Après une carrière passée dans l’analyse financière, Christine Roulet s’est mise au vert voici dix ans. Passionnée de chevaux, elle a lancé une activité d’équicoaching. Mais de quoi s’agit-il?
Il fait frisquet en ce lundi matin de décembre. Le ciel est bas. Les bocages du plateau de Herve sont boueux. Pas de quoi décourager Nathalie, emmitouflée dans sa doudoune. Cette employée est en plein questionnement sur sa vie personnelle et professionnelle. Ce jour-là, elle est venue suivre sa deuxième journée de formation en « équicoaching », au Cercle Équestre du Rond-Puits, sur les hauteurs de Charneux.
Encore un nouveau terme de jargon psy et management? Pas du tout, selon Christine Roulet, l’équicoache de Nathalie: « Le cheval est un animal de proie, doté d’une grande sensibilité, explique-t-elle. Son système sensoriel très développé lui permet d’être en permanence connecté à son environnement. En votre présence, il est un médiateur, il perçoit tous vos ressentis, tous vos non-dits. C’est un véritable miroir de vos sentiments. Il ne porte aucun jugement, il est là à vos côtés, il agit et interagit. Il permet de nous libérer des blocages qui subsistent en nous. »
Son rôle de coach? « Accompagner les gens sur le chemin de la découverte de leurs réponses et veiller à leur sécurité. » Choix professionnels et privés, burn-out, manque confiance en soi… : les applications sont multiples, selon elle. Il n’est pas nécessaire de pratiquer l’équitation, le cheval n’étant jamais monté.
La connexion avec le cheval
Nathalie, elle, a identifié plusieurs options qui s’offrent à elle dans la poursuite de sa carrière: rester à son poste, rester dans la même société mais avec d’autres fonctions, ou quitter son employeur. « Parce que le cheval perçoit ce qu’elle ressent, il va l’aider à se positionner », explique Christine Roulet.
Dans la prairie qui jouxte le manège, elle a placé des cônes, comme le ferait un entraîneur de foot. Chacun représente une des trois options. Elle a laissé le licol de sa jument, Viva Eva, aux mains de Nathalie, afin de favoriser le contact. Christine Roulet lui a posé quelques questions. Quand Nathalie s’est placée devant le cône censé évoquer un statu quo dans sa carrière professionnelle, le cheval n’a pas bronché. Quand elle s’est placée devant celui évoquant un changement d’employeur, le cheval a fait mine de s’éloigner.
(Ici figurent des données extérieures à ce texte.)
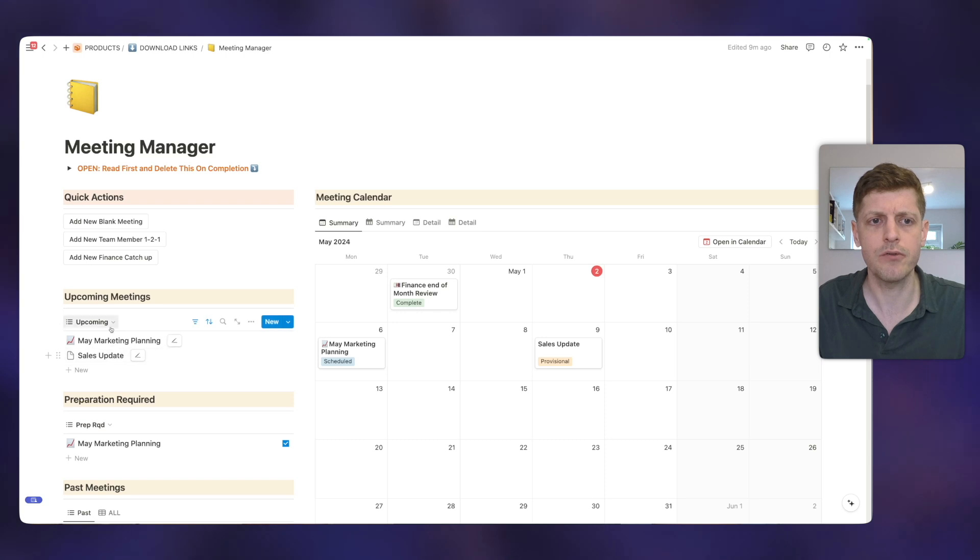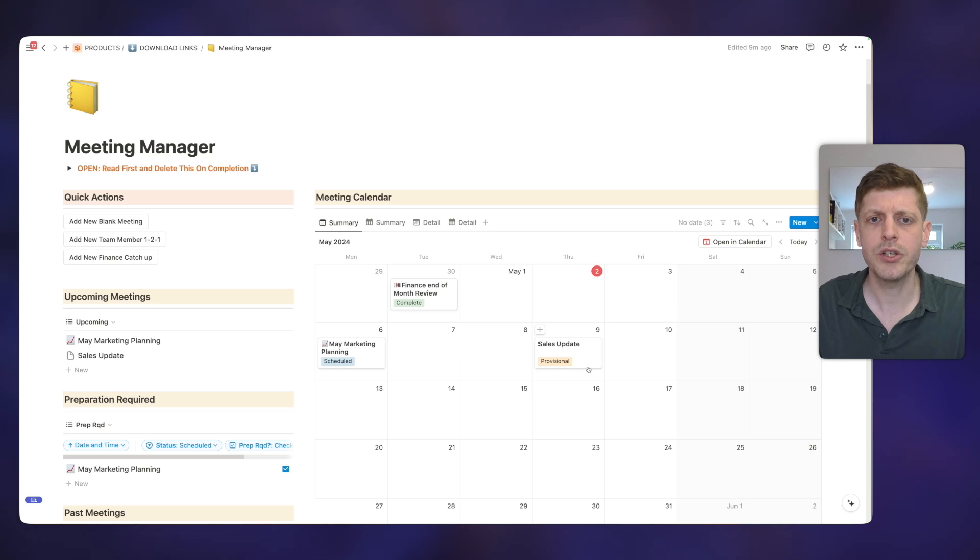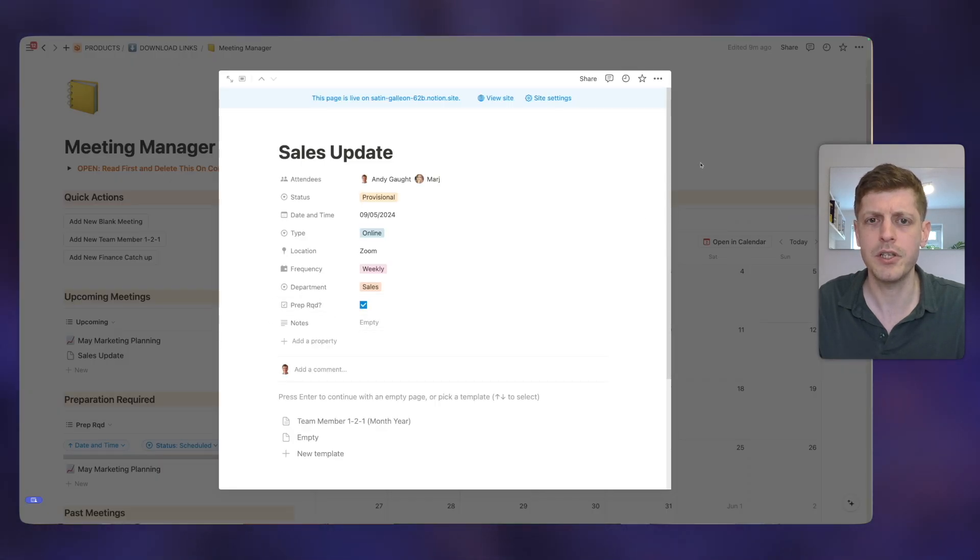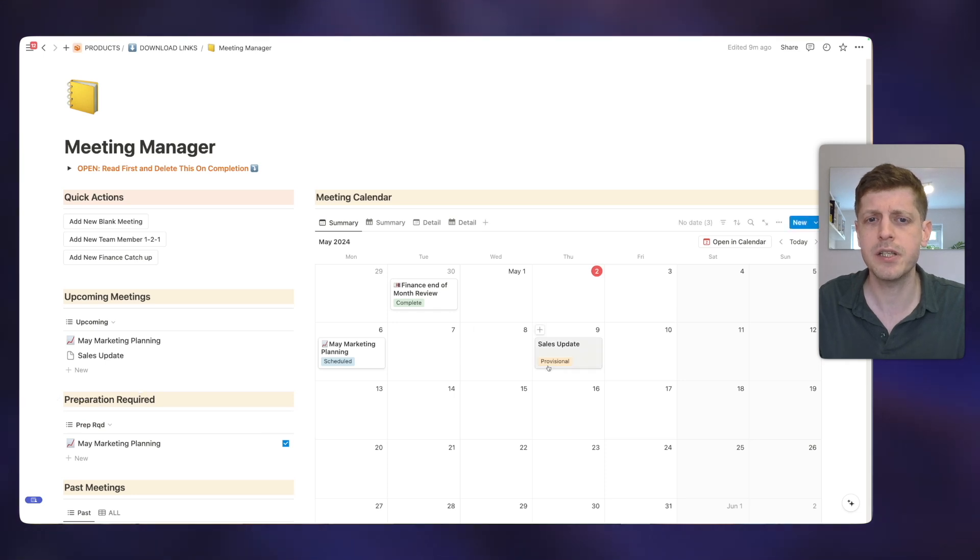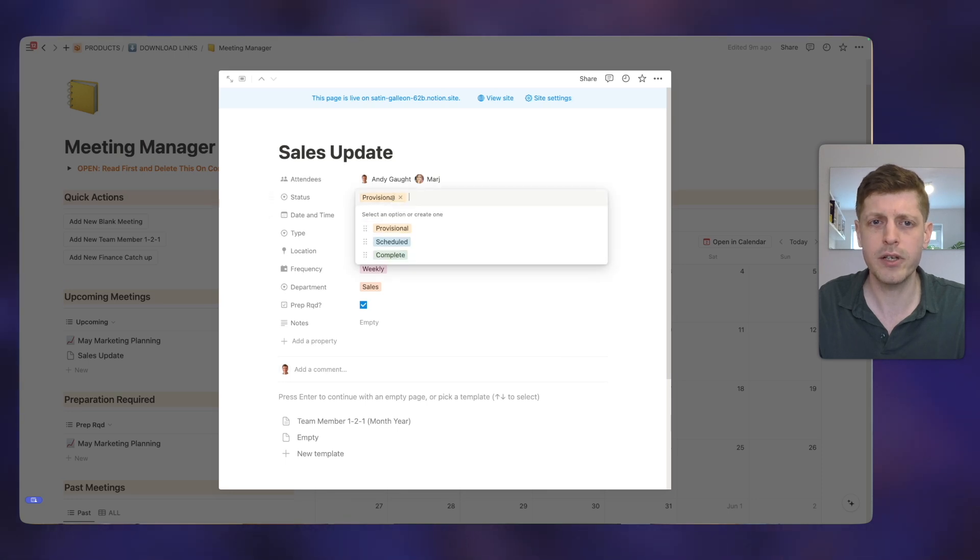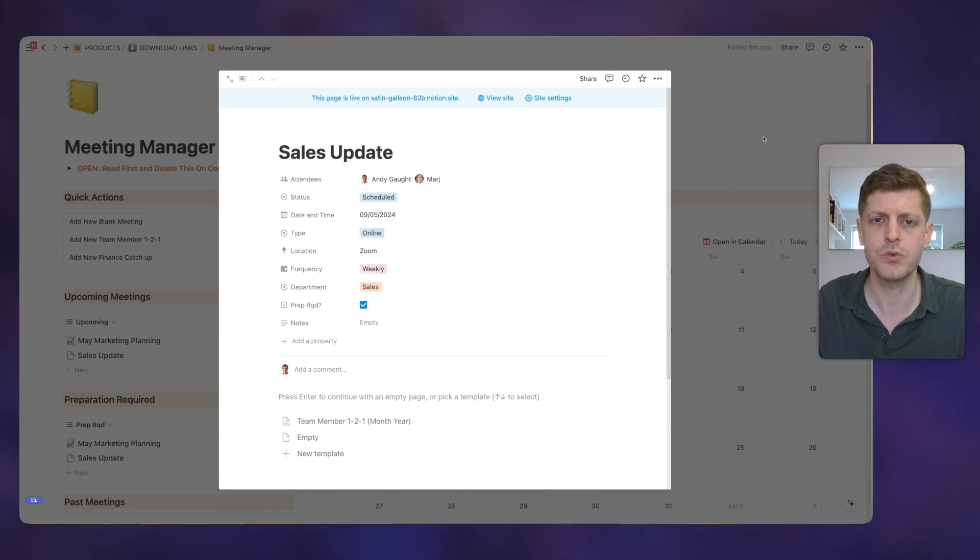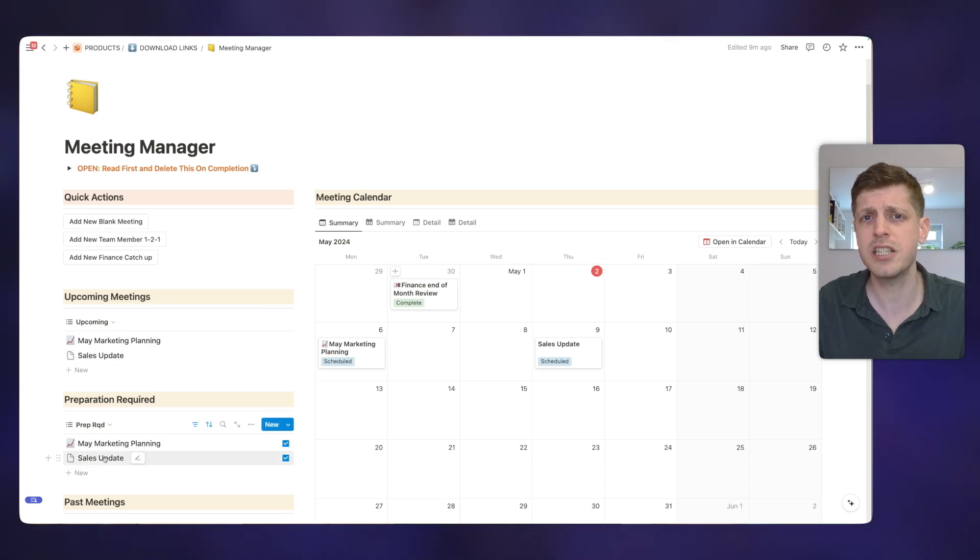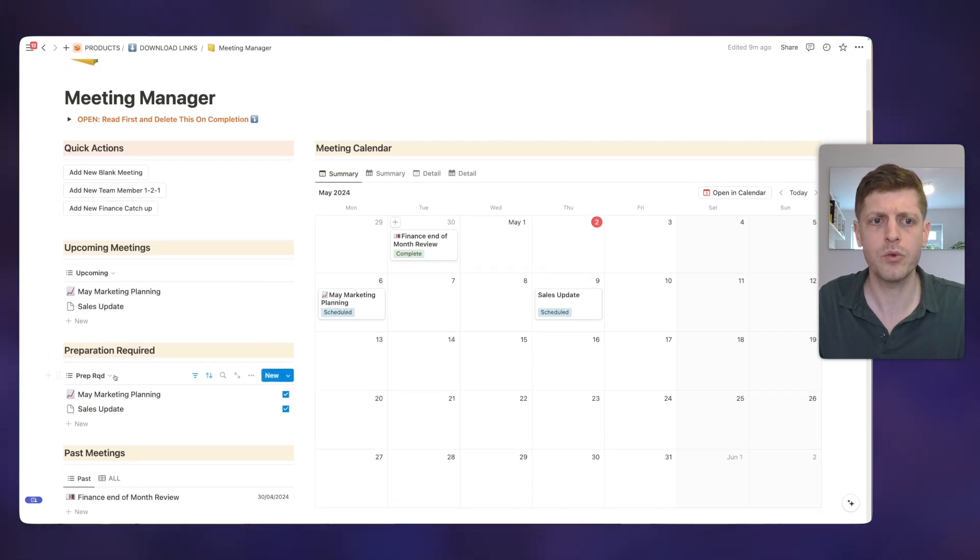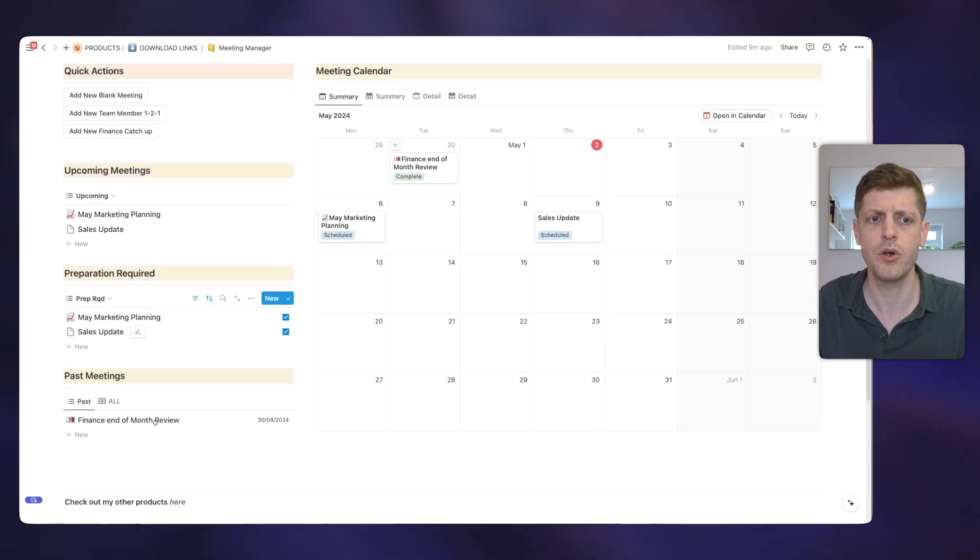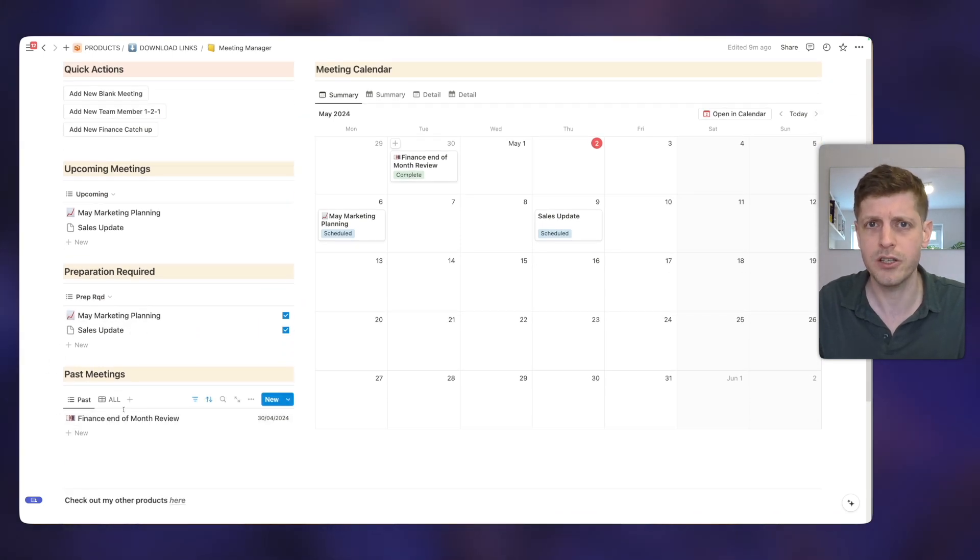And we can also see that I've got on the left hand side now, we've got the sales update has appeared. So you can see that in this meeting, I put preparation required, but it's not appeared on the left hand side here yet under preparation required. And that's because this is currently provisional. But if I go and change that and let's say, OK, we've now gone and agreed that meeting works for everybody. And if I change this to scheduled, you can now see on the left hand side that preparation is now required. So this is a bit like your to do list.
« Le cheval est un véritable miroir de nos sentiments. Il permet de nous libérer des blocages qui subsistent en nous »
Christine Roulet
Equicoache
Conclusion: ce n’est sans doute pas le moment de changer de boulot. « Lors de ma première séance, j’ai été scotchée par la connexion avec le cheval, poursuit Nathalie. Un moment, la coache m’a posé une question à laquelle j’ai répondu très superficiellement, car je n’avais pas envie d’aller plus loin. Le cheval s’est alors mis à gratter le sol avec son sabot, comme pour me dire: ‘creuse, va plus loin’. À un autre moment, je n’arrivais pas à sortir la réponse. J’étais bloquée, le cheval est venu subrepticement derrière mon dos comme pour me dire: ‘crache le morceau!' »
On y croit ou on n’y croit pas, mais pour Nathalie, cela semble fonctionner. Son exemple et d’autres ont incité Christine Roulet à aller plus loin et à faire de l’équicoaching une véritable activité à titre indépendant: « Et qui coache? » Pour elle, il s’agit d’une véritable reconversion après un début de carrière passé dans la finance.
Vocation précoce
Uccloise d’origine, cette néo-quinquagénaire, maman de deux ados, s’est découvert une passion pour le cheval lors d’un stage d’équitation effectué alors qu’elle avait à peine onze ans. Une passion qu’elle n’a pu que rarement assouvir en raison d‘une carrière professionnelle intense.
Titulaire d’un master en sciences économiques de l’ULB complété par un post-graduat en fiscalité, obtenu à la VUB, et une formation d’analyste financière, à l’ABAF, Christine Roulet a passé toute sa « première vie » professionnelle dans l’analyse financière, les placements et la gestion de fonds.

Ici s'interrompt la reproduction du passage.